I had to write a logic after generating the derived key to match to the format of the hash string (server side hash string format) generated at the server.

Below is the code written in Swift 3.0 to generate hash string for given password using NAChloride library which internally uses Scrypt hash algorithm:

    func passwordHashingUsingScrypt(password: String) -> String{
    let N = 16
    let r = 16
    let p = 16

    let term1 = Int(log2(Double(N))) << 16
    let term2 = r << 8
    let paramsDecimal = term1 | term2 | p

    let params = String(format:"%2X", paramsDecimal)
    print(params)

    let message = password.data(using:.utf8)!
    let salt = Data(bytes:[0x73, 0x61, 0x6c, 0x74, 0x44, 0x61, 0x74, 0x61,0x73, 0x61, 0x6c, 0x74, 0x44, 0x61, 0x74, 0x61,0x73, 0x61, 0x6c, 0x74, 0x44, 0x61, 0x74, 0x61,0x73, 0x61, 0x6c, 0x74, 0x44, 0x61, 0x74, 0x61])

    let saltBase64String = salt.base64EncodedString()
    print(saltBase64String)

    let hashData = try!
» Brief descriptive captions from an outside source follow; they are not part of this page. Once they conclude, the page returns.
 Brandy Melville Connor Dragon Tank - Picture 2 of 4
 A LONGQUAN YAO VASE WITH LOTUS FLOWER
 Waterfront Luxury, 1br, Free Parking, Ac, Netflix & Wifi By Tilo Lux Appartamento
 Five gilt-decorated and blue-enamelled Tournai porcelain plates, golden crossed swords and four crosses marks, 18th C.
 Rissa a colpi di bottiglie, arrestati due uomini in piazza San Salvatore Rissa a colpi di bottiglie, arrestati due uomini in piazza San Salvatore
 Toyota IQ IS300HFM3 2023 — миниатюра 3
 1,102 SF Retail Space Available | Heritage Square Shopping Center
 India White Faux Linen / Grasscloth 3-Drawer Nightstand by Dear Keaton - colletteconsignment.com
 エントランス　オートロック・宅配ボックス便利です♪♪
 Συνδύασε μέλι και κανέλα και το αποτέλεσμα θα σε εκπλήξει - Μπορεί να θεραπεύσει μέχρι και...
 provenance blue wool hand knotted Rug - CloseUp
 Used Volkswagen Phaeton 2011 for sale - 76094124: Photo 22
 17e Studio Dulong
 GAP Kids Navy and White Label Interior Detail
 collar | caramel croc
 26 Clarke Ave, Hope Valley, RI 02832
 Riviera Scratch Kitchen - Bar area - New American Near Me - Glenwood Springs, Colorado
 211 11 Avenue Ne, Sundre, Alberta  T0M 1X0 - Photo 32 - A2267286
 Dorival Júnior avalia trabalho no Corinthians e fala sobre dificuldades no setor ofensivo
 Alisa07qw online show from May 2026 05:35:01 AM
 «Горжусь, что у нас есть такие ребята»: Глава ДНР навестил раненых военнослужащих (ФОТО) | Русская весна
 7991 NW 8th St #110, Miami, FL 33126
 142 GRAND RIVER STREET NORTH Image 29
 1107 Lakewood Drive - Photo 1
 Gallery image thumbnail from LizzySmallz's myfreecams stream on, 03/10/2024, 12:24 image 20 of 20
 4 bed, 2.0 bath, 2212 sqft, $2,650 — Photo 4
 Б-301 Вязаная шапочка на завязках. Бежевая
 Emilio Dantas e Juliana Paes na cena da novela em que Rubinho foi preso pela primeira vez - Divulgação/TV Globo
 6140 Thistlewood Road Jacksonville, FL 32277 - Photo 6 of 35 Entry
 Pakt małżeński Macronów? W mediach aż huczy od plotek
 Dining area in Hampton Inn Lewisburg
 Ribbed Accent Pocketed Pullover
NAScrypt.scrypt(message, salt: salt, n: 16, r: 16, p: 16, length: 32)
    let hashBase64String = hashData.base64EncodedString()
    print(hashBase64String)
    let result = saltBase64String+"$"+hashBase64String
    print(result)

    var hashString = String()
    hashString.append("$s0$")
    hashString.append(params)
    hashString.append("$")
    hashString.append(saltBase64String)
    hashString.append("$")
    hashString.append(hashBase64String)
    print(hashString)
    return hashString
}

You can also generate the random salt using below method:

func randomBytes(numberOfBytes:Int) -> [UInt8] {
    var randomBytes = [UInt8](repeating: 0, count: numberOfBytes) // array to hold randoms bytes
    let result = SecRandomCopyBytes(kSecRandomDefault, numberOfBytes, &randomBytes)
    print(result)
    return randomBytes
}

Result:

Password: admin1234<

Hash String: $s0$41010$c2FsdERhdGFzYWx0RGF0YXNhbHREYXRhc2FsdERhdGE=$GrMF1P3VH8YrgUEaOJDVSc4as/XTSWhCbbp4DLie00I=

Answer 2

Common Crypto contains PBKDF2 which is the NIST recommended password hashing function.

Example:

Password Based Key Derivation 2 (Swift 3)

Password Based Key Derivation can be used both for deriving an encryption key from password text and saving a password for authentication purposes.

There are several hash algorithms that can be used including SHA1, SHA256, SHA512 which are provided by this example code.

The rounds parameter is used to make the calculation slow so that an attacker will have to spend substantial time on each attempt. Typical delay values fall in the 100ms to 500ms, shorter values can be used if there is unacceptable performance.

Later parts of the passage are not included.